=== TASK OBJECTIVE ===
Please output exactly the lines from the one that holds "Garden animal sculpture" through the final line of the data, and nothing else; leave out any pictures.

---------- DATA LISTING ----------

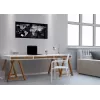 SIGEL GL270 sklenená magnetická tabuľa 910 x 460 mm, super biela, bez rámu, vrátane 2 magnetov a marker
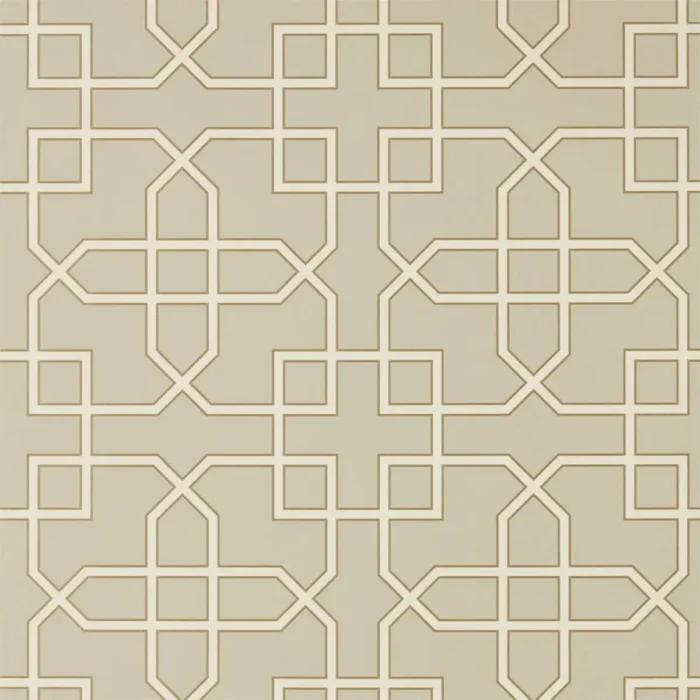 Hampton Trellis Wallpaper - Linen fabric swatch DGLW216659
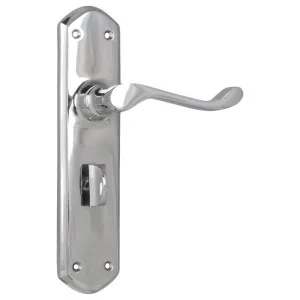 Windsor Privacy Lever Set, Chrome by Tradco, a Door Hardware for sale on Style Sourcebook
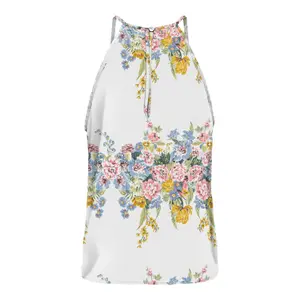 Women's sleeveless T-shirt Only onlalma life keyhole image-1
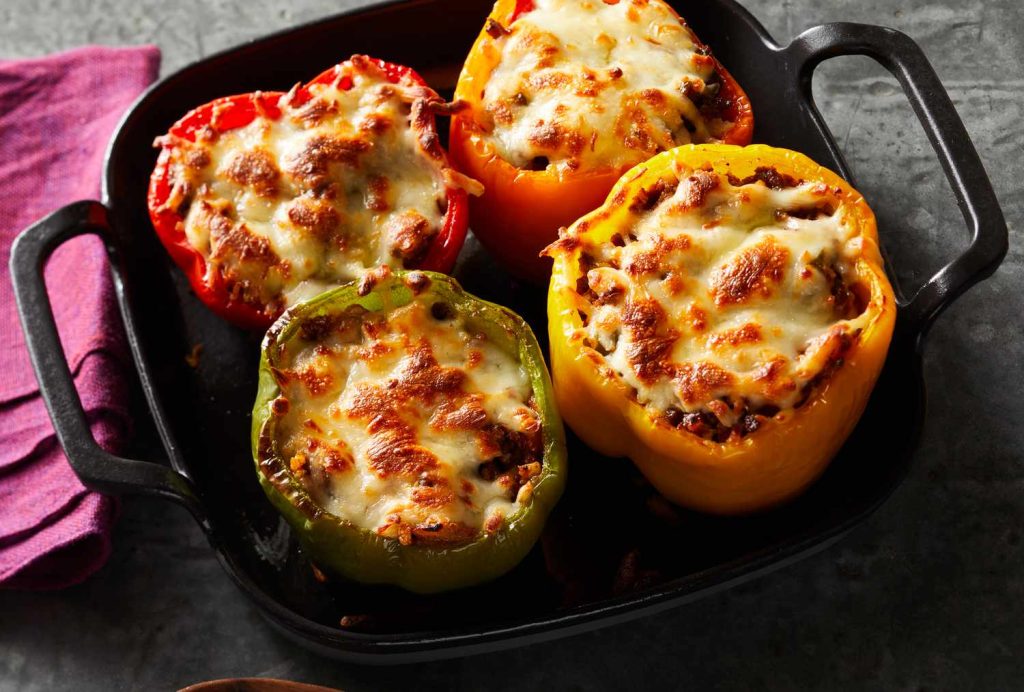 Cauliflower Rice Stuffed Bell Peppers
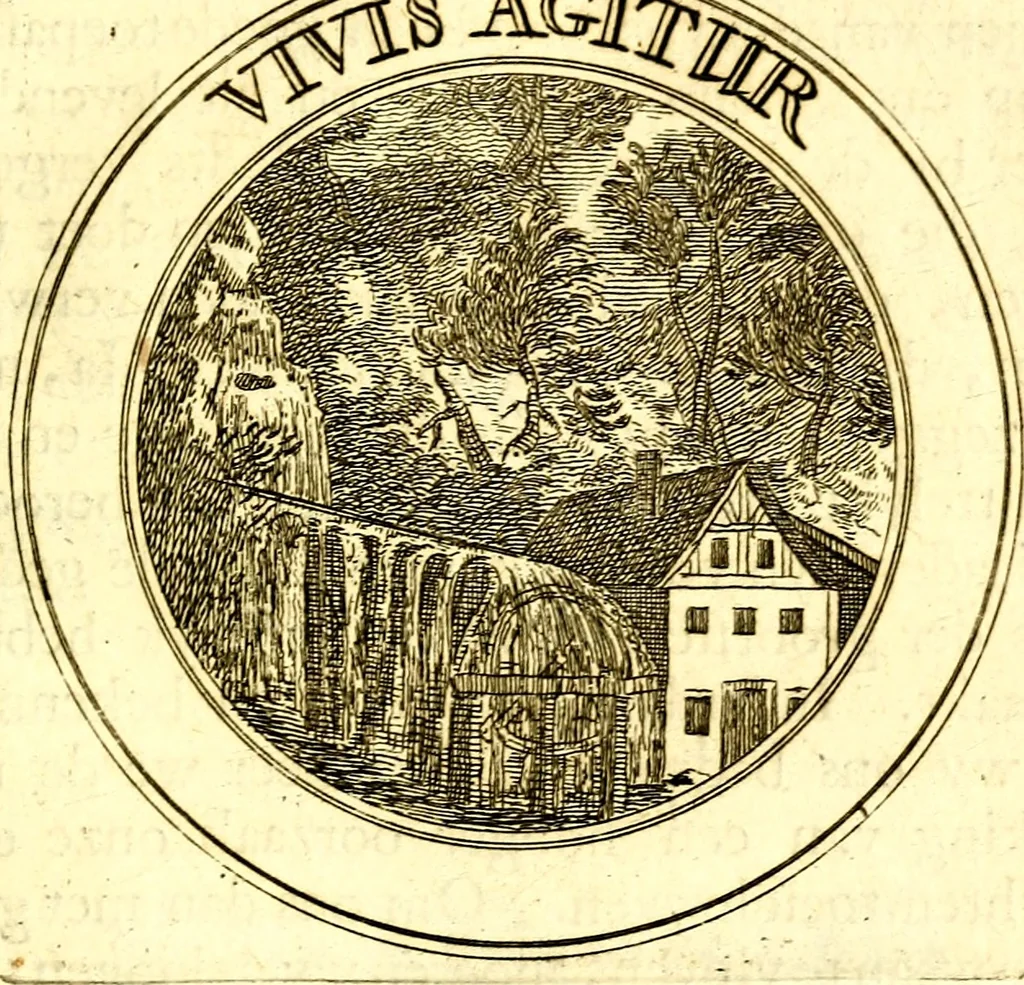 An illustration from Zederyke zinnebeelden, vertoont in konstplaten, door kragtige redeneeringen en maat-digt ten nutte van het menschelyke leven toegepast, 1713, leaf 64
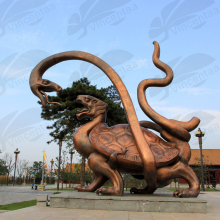 Garden animal sculpture life size metal craft outdoor dragon statues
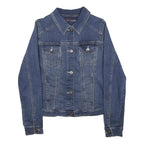WRANGLER Womens Blue Denim Jacket S Woven Classic Fit Button Closure Timeless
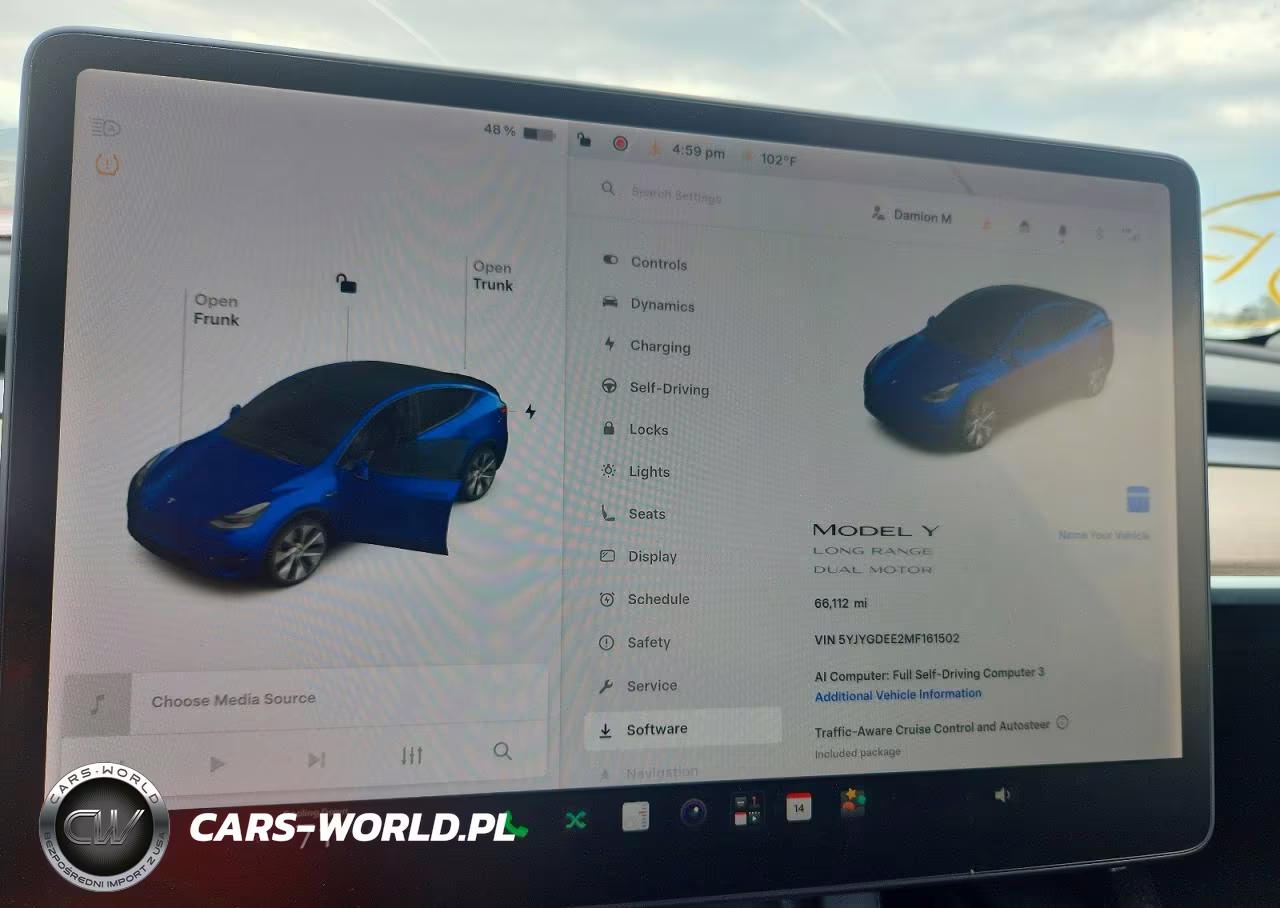 2021 Tesla Model Y VIN:5YJYGDEE2MF161502 - 9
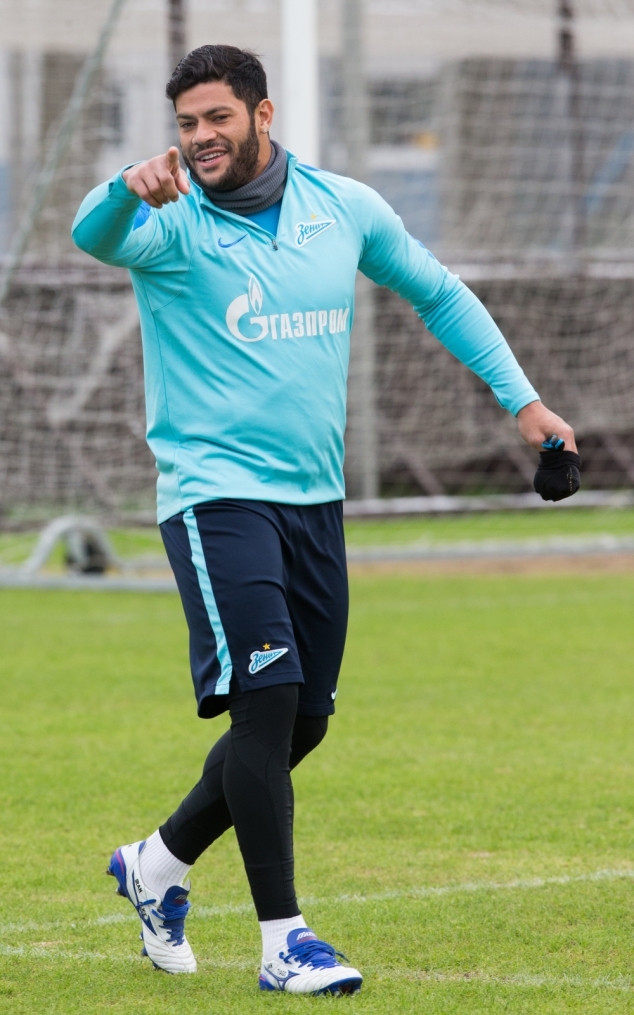 Тренировка «Зенита» перед матчем с «Тереком»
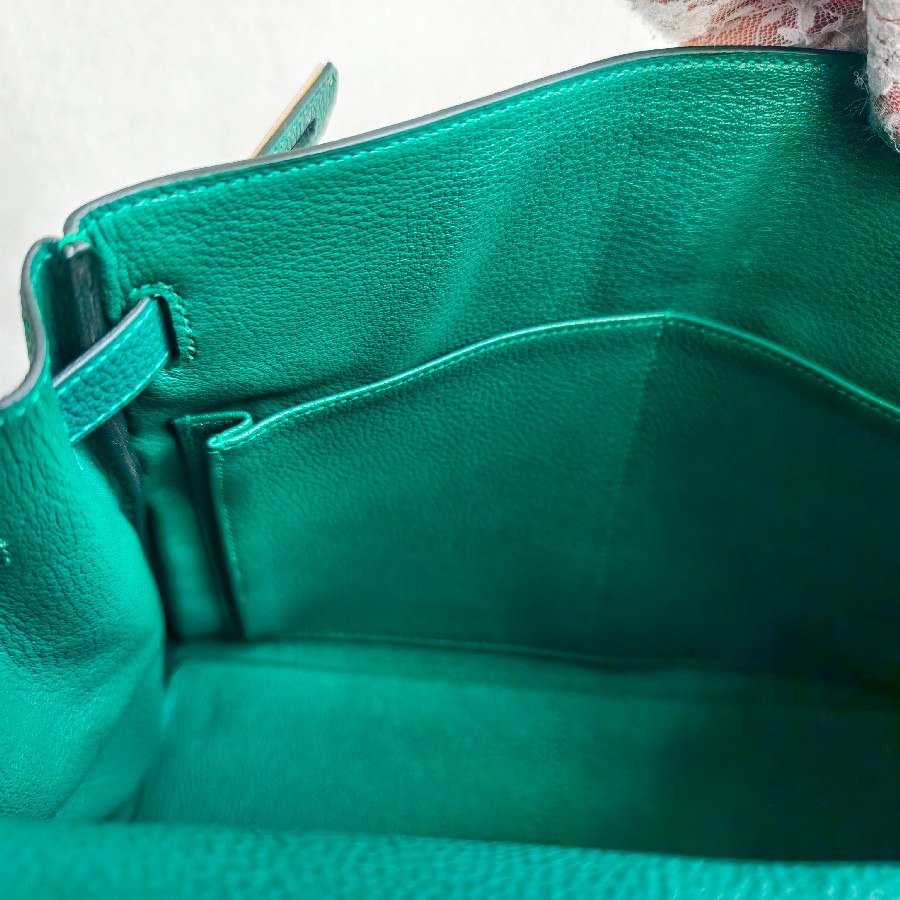 Hermes-Kelly32cm-Malachite-Green-Togo-Leather-with-Gold-Plated-Hardware #RCRS-3 (12)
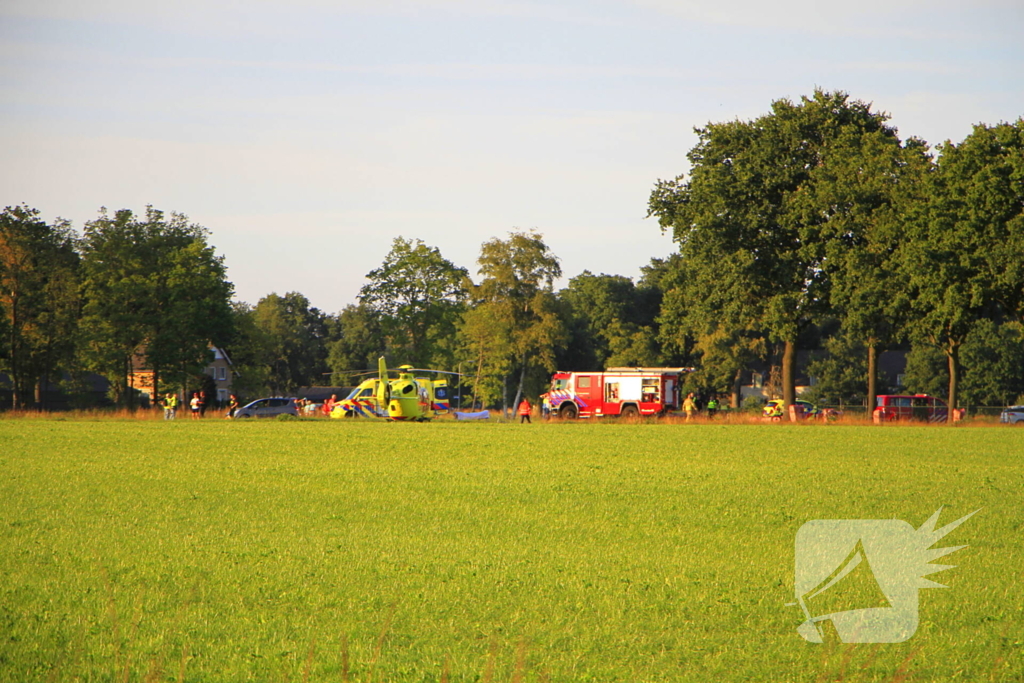 Traumateam ingezet bij ongeval met motorrijder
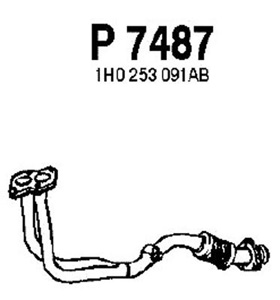 Front pipe in the group  at  Professional Parts Sweden AB (P7487)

----------

=== FINAL ANSWER ===
 Garden animal sculpture life size metal craft outdoor dragon statues
WRANGLER Womens Blue Denim Jacket S Woven Classic Fit Button Closure Timeless
 2021 Tesla Model Y VIN:5YJYGDEE2MF161502 - 9
 Тренировка «Зенита» перед матчем с «Тереком»
 Hermes-Kelly32cm-Malachite-Green-Togo-Leather-with-Gold-Plated-Hardware #RCRS-3 (12)
 Traumateam ingezet bij ongeval met motorrijder
 Front pipe in the group  at  Professional Parts Sweden AB (P7487)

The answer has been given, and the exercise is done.